Nothing but the text of the records should come back; copy it exactly and leave the pictures out.

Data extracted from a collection

BEGIN

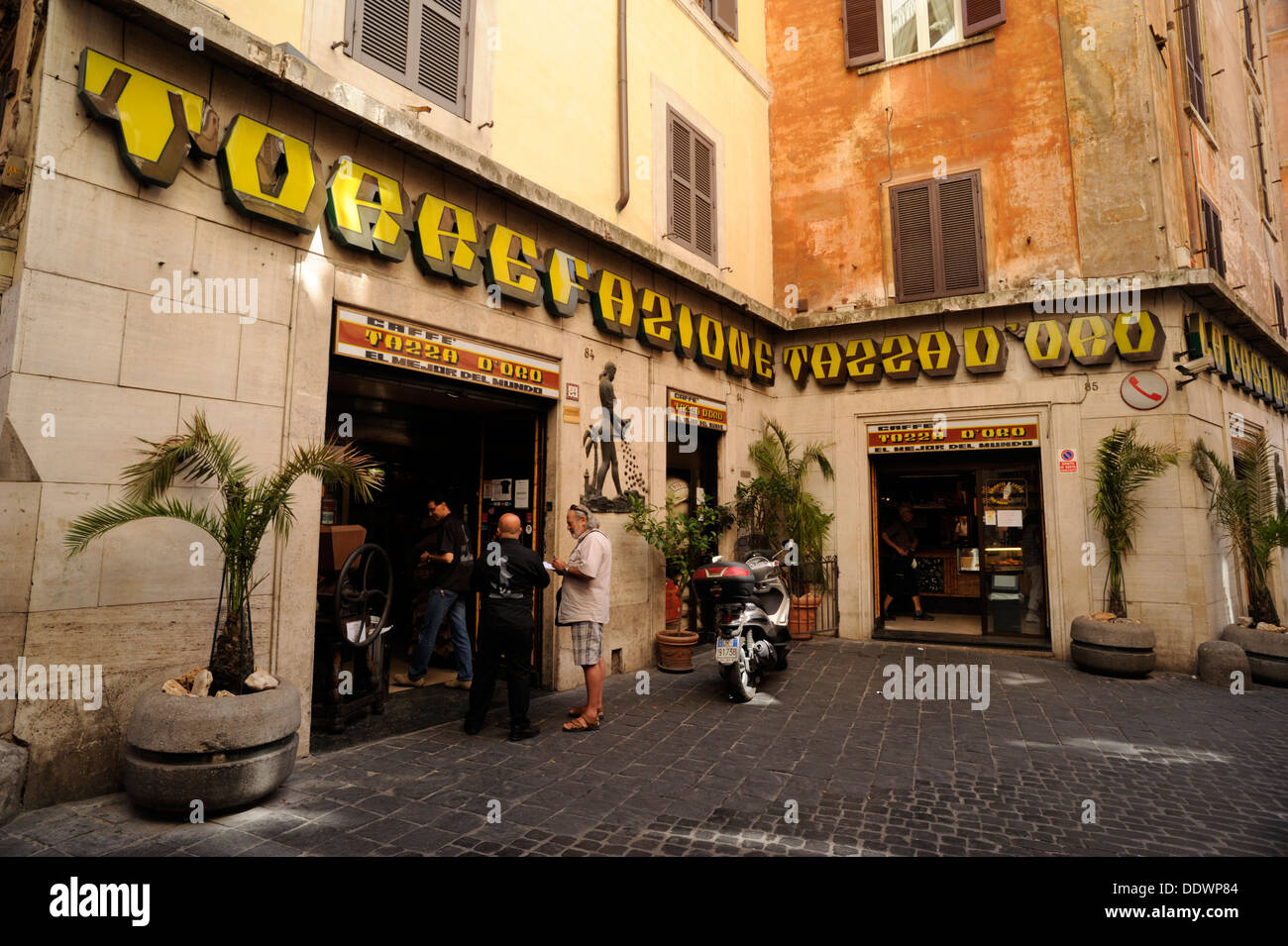 Italy, Rome, Caffè Tazza d'Oro Stock Photo - Alamy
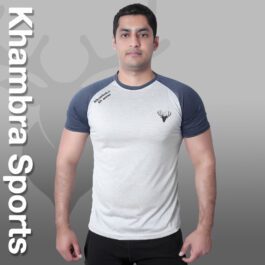 Half white Quick Dry Running & Gym Mens Sports T- Shirt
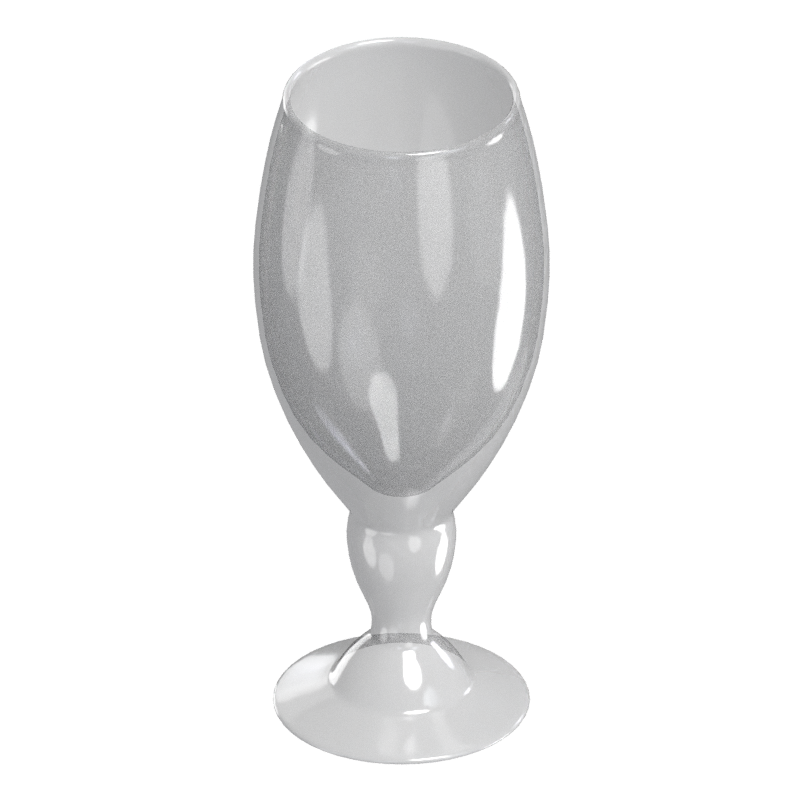 Elegant Beer Glass 3D Model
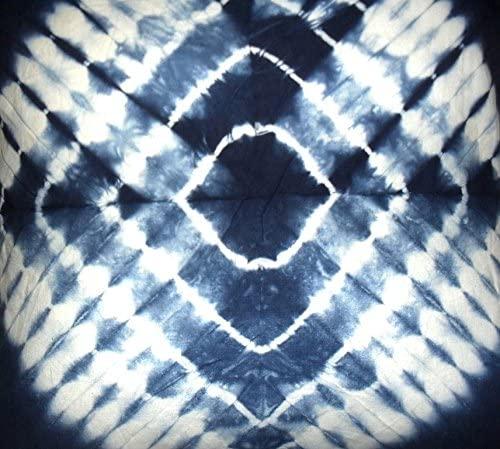 Bohemian Pillow Shams Outdoor Cushion Cover, (Size 16x16) Tie Dye Shibori Cushion Covers, Indigo Blue Pillow Covers, Decorative Cotton Throw, Shibori Sofa Pillow Cases (50)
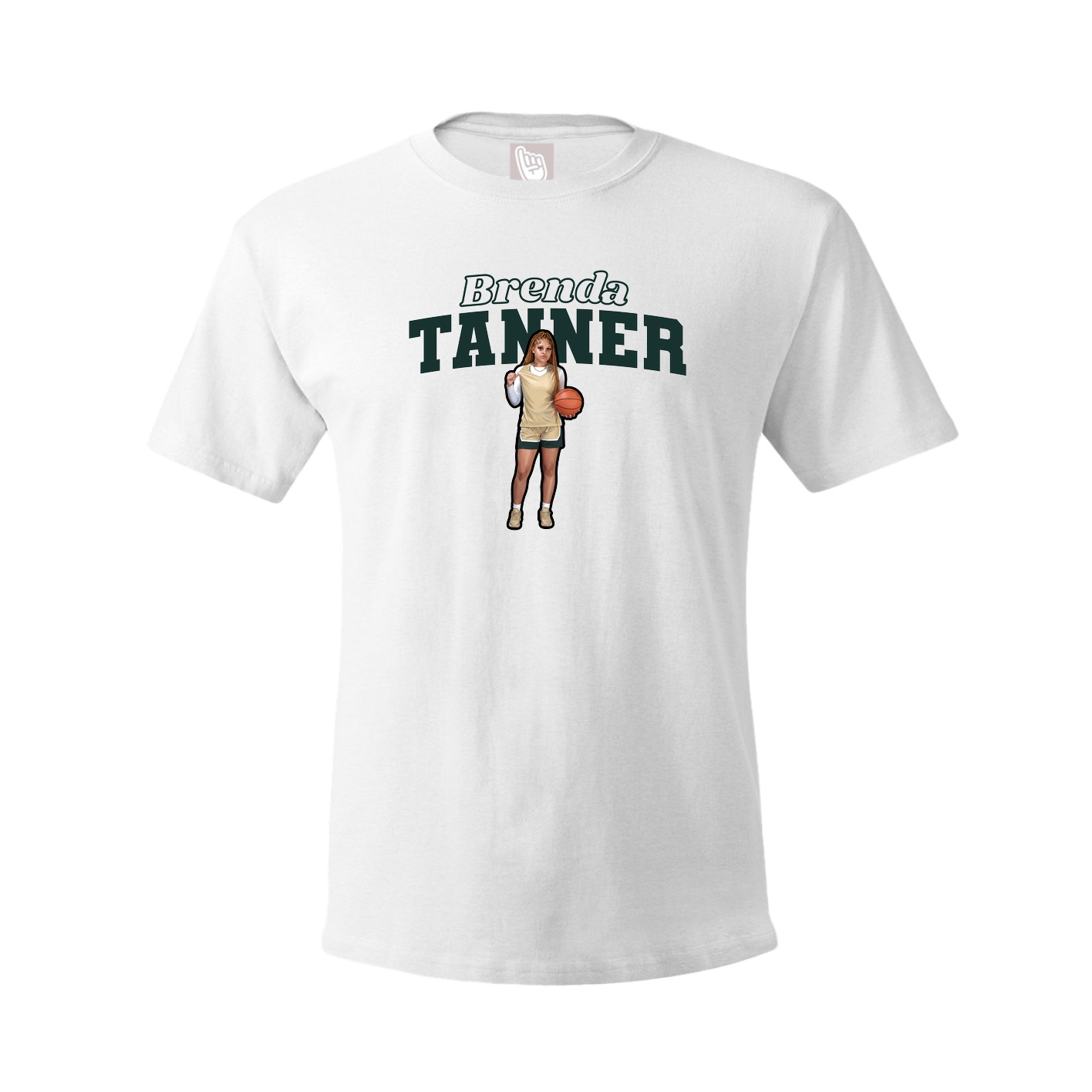 Tee — Name Arch in White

END

- _RESULT OF THIS TASK_
 Italy, Rome, Caffè Tazza d'Oro Stock Photo - Alamy
 Half white Quick Dry Running & Gym Mens Sports T- Shirt
 Elegant Beer Glass 3D Model
 Bohemian Pillow Shams Outdoor Cushion Cover, (Size 16x16) Tie Dye Shibori Cushion Covers, Indigo Blue Pillow Covers, Decorative Cotton Throw, Shibori Sofa Pillow Cases (50)
 Tee — Name Arch in White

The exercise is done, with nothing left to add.